Across the country, sleep-deprived voters were tuned to newscasts while refreshing maps checkered with blue and red that delivered no clear answers.
“There will be a lot of confusion, a lot of chaos,” said Lewis Stevens, 47, a graphic designer and film producer in Detroit who voted for former Vice President Joe Biden. “I’m anticipating court legal battles, the whole nine yards.”
Votes were still being counted across the country and likely will be for days to come as Biden and President Donald Trump both remain short of the necessary 270 electoral votes to win.
Nothing was out of the ordinary in that process beyond a predicted surge of mail-in votes, but the lack of certainty wore on a public exhausted by a seemingly endless campaign.
The verdict will be delivered by a handful of swing states with razor-thin margins likely to lead to recounts and legal challenges. Voters there took deep breaths, coaxed themselves into sanity or otherwise sought refuge from the perplexity and possible further delays.

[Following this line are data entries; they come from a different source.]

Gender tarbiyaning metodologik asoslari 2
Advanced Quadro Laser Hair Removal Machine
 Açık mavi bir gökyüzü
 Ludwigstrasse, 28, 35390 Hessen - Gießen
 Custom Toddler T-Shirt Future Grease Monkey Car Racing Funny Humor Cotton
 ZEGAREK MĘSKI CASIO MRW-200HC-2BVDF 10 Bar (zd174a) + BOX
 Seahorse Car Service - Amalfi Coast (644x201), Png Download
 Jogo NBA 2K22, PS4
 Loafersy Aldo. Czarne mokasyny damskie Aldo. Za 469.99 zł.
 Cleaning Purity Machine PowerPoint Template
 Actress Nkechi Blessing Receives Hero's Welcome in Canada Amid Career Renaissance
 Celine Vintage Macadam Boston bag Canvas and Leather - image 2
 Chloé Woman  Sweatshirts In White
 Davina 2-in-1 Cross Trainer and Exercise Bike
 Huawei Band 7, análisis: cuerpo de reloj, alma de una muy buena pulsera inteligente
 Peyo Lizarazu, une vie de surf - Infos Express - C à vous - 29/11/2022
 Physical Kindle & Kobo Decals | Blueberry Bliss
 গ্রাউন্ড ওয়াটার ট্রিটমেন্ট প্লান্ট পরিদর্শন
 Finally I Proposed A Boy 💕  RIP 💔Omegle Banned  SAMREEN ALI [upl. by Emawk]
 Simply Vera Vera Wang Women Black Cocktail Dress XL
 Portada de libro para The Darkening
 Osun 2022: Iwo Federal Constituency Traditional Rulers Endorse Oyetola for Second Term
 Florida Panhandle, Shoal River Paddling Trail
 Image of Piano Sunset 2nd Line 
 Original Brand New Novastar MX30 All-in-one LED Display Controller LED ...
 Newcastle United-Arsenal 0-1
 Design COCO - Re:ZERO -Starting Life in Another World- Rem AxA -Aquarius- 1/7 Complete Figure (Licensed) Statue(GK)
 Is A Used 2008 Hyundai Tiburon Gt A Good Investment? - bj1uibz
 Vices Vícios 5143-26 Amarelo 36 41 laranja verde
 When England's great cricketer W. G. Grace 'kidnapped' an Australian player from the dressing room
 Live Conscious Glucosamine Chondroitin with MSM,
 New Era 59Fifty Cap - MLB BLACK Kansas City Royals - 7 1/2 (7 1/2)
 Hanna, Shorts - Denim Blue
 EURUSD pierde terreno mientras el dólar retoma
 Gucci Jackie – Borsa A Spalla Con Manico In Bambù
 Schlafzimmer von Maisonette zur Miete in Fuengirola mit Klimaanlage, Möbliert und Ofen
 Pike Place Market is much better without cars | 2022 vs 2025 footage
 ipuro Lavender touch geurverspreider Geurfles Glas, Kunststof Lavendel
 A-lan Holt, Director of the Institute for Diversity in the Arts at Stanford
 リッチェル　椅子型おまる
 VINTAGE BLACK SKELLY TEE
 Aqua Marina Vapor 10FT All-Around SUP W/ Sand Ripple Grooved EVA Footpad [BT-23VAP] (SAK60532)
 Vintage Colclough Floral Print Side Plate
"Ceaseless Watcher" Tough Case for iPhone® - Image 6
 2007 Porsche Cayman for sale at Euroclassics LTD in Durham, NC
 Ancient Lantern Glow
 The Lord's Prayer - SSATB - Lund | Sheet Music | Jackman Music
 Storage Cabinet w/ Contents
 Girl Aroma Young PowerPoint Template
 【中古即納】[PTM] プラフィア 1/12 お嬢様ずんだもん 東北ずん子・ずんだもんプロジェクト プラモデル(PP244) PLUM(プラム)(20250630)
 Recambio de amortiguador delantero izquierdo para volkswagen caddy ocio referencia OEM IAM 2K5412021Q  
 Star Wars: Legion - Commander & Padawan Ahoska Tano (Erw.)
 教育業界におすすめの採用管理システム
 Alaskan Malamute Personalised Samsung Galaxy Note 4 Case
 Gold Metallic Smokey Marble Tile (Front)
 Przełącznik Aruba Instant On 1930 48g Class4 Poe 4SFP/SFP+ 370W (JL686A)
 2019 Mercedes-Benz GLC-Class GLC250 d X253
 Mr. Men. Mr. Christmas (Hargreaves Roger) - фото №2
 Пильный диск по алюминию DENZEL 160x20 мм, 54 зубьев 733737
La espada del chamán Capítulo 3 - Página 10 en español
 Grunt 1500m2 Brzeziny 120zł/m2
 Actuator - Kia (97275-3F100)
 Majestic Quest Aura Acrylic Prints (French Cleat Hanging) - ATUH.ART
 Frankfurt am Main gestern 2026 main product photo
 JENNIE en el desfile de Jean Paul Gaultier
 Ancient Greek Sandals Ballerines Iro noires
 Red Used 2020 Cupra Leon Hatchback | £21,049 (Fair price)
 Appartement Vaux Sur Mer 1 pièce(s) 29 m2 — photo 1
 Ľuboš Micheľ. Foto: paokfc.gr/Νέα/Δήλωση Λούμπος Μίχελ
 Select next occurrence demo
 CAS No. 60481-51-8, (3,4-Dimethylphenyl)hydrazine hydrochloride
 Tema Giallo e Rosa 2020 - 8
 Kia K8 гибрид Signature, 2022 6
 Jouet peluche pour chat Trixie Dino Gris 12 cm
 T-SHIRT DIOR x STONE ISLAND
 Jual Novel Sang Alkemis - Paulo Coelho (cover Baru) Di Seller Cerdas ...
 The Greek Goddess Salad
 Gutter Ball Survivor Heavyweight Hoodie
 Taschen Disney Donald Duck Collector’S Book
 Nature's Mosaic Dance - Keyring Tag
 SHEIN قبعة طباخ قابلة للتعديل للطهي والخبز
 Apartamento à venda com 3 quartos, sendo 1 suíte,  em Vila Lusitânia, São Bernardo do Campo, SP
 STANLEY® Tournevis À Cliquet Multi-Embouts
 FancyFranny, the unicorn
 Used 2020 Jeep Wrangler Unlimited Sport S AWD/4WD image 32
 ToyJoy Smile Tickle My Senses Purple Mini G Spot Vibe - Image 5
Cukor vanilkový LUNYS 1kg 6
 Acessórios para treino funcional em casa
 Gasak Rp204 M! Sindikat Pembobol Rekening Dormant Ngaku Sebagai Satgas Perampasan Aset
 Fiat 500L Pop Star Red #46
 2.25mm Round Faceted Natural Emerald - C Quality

In North Carolina, where Democrats clung to hope despite a lead for Trump, Kyle Holland, an 18-year-old student voting in his first election, thought his choice of Trump would prevail.
“I think he looks in pretty good shape. I mean, it’s not gonna be a blowout or anything, but I think he’s gonna be able to get to 270 electoral votes,” said Holland, who lives in Faison, North Carolina.
In Michigan, where Biden held a narrow lead, 78-year-old Jerry Stutzman, who cast his vote for Trump, expressed disappointment about delays in returns but said he wouldn’t lose any sleep over it.
“You’ve got to be careful what you stress over,” the retired businessman said. “I will keep positive. I’m not going to bury myself in the sand. There’s always challenges in the world and you’ve got to learn to live with them.”